Lines below starting with the line with "Flor con lentejuelas" and going on through the line with "Dodge Challenger R/T" must be output exactly; the rest of the records must be left out.

**DATA FOR THE TASK**
----

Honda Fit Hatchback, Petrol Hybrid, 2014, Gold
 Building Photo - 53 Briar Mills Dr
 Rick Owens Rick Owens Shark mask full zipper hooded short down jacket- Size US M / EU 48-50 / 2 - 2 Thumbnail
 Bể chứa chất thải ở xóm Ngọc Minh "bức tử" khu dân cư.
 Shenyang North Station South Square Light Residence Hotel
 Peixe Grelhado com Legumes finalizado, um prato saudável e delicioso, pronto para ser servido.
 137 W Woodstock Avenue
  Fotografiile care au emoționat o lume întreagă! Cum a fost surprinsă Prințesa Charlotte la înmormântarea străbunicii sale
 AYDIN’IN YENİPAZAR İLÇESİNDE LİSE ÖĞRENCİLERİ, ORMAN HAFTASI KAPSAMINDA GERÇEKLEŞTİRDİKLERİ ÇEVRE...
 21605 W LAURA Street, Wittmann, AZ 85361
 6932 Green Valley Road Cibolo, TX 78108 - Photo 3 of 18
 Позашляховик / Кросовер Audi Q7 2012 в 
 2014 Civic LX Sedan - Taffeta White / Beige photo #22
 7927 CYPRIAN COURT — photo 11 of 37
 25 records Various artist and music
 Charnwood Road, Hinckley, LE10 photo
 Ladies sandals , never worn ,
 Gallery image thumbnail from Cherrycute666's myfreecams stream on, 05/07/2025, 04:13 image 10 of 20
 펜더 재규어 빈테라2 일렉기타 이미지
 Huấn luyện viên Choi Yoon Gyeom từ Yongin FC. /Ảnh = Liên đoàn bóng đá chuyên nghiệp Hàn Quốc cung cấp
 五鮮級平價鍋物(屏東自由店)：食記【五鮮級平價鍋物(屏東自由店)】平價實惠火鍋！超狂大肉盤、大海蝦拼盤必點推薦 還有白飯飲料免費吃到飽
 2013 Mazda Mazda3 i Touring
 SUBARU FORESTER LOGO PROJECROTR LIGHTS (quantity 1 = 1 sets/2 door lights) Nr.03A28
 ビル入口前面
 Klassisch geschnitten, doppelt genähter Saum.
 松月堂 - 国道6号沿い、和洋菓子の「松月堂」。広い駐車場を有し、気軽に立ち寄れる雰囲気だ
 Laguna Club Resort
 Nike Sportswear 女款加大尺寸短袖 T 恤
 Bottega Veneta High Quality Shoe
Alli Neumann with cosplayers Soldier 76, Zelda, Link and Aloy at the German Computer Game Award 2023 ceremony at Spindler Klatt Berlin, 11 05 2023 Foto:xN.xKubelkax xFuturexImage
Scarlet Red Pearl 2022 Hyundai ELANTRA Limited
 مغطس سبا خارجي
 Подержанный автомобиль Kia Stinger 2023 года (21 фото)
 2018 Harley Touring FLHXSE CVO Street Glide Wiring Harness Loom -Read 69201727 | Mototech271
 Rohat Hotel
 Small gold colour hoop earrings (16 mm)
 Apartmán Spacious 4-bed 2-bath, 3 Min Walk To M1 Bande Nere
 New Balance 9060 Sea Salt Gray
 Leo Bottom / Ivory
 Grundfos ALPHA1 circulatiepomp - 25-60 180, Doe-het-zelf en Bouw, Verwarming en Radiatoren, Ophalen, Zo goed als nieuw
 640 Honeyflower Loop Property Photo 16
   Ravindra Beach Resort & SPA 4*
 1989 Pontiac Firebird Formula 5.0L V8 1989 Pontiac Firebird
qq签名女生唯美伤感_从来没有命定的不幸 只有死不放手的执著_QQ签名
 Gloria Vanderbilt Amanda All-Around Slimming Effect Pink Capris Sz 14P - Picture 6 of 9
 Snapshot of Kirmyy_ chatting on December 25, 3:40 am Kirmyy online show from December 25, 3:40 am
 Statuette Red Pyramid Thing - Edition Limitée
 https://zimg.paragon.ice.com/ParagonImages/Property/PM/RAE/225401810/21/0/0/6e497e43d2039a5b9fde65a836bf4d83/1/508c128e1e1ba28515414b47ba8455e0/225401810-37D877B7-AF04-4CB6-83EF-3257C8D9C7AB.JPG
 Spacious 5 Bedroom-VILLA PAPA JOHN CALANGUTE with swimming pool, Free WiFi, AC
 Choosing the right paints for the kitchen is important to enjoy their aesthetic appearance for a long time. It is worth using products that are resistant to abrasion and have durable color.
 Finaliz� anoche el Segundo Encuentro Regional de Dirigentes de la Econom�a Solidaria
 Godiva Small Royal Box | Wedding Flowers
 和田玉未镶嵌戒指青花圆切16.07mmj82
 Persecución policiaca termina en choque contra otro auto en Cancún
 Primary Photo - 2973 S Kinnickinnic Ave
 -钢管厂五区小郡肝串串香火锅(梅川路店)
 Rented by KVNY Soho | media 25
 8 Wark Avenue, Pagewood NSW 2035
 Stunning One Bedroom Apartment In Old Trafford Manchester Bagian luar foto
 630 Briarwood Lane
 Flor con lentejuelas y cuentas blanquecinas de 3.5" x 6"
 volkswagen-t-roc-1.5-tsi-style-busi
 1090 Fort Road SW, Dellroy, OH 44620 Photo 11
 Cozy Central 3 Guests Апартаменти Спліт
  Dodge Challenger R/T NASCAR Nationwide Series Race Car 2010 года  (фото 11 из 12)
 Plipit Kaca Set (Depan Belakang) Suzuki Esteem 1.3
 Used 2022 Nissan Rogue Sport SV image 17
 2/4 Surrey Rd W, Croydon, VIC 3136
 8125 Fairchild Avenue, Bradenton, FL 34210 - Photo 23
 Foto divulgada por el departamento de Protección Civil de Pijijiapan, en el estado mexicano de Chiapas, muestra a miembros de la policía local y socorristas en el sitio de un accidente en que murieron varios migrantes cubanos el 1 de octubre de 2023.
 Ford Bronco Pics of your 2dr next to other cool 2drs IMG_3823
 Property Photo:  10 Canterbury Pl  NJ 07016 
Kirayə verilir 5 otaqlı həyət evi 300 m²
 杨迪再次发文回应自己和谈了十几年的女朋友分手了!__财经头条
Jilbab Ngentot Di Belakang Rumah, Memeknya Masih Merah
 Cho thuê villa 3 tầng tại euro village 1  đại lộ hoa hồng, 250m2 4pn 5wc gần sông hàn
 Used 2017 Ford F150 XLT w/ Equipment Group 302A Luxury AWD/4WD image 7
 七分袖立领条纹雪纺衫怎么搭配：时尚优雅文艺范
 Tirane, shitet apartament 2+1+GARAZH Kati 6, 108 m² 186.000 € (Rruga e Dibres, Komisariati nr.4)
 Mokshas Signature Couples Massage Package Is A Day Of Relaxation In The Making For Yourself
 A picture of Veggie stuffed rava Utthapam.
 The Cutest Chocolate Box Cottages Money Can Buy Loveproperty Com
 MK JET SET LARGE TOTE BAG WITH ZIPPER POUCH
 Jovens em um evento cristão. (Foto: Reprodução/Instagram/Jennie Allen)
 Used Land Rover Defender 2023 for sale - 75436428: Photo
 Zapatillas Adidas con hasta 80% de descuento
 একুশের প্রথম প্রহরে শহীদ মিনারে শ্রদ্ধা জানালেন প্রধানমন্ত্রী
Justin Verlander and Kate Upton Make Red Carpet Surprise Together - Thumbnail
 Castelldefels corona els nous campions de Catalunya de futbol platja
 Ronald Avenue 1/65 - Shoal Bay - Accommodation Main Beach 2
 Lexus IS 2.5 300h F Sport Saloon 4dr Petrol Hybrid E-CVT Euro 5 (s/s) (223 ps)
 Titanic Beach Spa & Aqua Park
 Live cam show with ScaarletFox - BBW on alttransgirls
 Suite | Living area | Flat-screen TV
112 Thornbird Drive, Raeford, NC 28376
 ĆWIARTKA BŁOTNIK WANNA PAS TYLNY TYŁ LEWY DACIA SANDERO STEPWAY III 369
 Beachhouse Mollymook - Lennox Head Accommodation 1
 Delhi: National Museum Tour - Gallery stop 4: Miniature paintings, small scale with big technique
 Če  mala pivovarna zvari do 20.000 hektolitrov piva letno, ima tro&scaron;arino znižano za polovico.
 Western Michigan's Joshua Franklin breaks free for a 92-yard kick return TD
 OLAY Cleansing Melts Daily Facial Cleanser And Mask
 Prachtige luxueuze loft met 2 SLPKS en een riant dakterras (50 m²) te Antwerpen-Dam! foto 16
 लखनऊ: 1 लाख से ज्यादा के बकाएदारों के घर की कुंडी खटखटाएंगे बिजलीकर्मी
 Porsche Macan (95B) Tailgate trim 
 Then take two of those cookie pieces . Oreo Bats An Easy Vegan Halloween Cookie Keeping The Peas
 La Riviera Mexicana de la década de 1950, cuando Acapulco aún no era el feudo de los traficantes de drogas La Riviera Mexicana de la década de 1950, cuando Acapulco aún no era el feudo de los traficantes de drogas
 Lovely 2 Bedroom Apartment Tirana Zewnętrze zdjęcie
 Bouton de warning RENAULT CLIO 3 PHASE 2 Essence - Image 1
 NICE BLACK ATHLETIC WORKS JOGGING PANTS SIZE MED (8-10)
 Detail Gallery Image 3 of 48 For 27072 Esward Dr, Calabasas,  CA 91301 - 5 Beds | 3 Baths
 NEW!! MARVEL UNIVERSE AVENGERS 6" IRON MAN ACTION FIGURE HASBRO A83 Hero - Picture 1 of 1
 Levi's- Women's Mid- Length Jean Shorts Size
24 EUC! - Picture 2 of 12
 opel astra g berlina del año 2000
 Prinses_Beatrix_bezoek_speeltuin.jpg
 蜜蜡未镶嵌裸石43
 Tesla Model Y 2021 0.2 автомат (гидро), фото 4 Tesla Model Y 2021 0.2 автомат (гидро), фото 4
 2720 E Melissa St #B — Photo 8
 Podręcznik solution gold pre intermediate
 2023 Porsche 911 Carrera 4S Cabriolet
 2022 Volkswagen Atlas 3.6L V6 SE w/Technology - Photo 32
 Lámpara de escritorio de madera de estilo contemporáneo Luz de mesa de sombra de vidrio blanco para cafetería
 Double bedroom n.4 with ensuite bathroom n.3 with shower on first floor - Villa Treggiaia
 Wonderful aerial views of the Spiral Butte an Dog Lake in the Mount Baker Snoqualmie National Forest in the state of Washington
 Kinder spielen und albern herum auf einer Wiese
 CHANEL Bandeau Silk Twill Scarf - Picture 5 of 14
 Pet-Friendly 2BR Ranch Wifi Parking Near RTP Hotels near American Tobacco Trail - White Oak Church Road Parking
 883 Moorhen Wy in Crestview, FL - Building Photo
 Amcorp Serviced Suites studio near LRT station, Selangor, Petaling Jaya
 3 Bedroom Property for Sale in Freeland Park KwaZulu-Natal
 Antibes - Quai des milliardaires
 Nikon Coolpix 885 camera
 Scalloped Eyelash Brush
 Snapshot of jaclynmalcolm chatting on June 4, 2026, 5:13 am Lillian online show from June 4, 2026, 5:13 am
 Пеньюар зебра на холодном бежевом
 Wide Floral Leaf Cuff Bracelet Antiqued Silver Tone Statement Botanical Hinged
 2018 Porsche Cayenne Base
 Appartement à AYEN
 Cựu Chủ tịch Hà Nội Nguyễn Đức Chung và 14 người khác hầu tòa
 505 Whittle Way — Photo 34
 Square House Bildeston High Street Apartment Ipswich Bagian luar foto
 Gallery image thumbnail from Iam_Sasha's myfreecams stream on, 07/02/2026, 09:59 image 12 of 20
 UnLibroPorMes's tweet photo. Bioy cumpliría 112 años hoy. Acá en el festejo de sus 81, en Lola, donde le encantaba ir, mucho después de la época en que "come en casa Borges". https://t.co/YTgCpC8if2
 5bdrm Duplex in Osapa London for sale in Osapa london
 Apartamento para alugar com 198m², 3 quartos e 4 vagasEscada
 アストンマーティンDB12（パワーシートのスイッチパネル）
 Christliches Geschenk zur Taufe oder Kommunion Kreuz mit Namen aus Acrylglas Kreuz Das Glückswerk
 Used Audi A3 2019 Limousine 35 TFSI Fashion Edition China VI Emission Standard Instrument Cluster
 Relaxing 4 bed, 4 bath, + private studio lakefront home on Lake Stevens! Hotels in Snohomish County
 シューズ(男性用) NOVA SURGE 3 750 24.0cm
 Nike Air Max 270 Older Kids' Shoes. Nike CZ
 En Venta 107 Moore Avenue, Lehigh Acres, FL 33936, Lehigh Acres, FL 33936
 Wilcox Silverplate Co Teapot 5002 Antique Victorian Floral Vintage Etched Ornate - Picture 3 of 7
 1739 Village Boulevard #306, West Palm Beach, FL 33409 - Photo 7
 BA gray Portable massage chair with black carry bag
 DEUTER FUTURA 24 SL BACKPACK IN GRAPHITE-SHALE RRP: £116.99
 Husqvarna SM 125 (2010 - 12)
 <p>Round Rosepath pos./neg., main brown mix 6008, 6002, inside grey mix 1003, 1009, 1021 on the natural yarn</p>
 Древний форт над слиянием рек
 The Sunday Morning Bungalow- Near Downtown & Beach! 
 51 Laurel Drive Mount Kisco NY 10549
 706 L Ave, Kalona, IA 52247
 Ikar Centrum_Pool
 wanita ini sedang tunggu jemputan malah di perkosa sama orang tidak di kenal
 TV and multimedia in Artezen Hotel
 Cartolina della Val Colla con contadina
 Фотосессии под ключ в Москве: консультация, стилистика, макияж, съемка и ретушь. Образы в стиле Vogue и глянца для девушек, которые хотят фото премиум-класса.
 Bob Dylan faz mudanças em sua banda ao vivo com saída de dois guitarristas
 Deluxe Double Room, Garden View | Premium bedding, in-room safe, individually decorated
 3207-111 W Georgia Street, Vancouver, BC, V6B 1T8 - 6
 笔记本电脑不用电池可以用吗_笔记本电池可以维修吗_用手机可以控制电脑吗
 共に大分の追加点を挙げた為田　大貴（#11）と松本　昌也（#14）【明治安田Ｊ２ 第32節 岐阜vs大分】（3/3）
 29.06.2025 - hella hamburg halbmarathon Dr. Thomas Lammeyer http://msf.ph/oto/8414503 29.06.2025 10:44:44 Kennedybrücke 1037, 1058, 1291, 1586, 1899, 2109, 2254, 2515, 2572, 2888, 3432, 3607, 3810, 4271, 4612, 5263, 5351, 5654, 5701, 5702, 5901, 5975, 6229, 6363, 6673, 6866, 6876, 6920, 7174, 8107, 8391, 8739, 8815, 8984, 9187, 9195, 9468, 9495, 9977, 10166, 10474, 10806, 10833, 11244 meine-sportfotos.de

----

**SOLUTION TO THIS PROBLEM**
 Flor con lentejuelas y cuentas blanquecinas de 3.5" x 6"
 volkswagen-t-roc-1.5-tsi-style-busi
 1090 Fort Road SW, Dellroy, OH 44620 Photo 11
 Cozy Central 3 Guests Апартаменти Спліт
  Dodge Challenger R/T NASCAR Nationwide Series Race Car 2010 года  (фото 11 из 12)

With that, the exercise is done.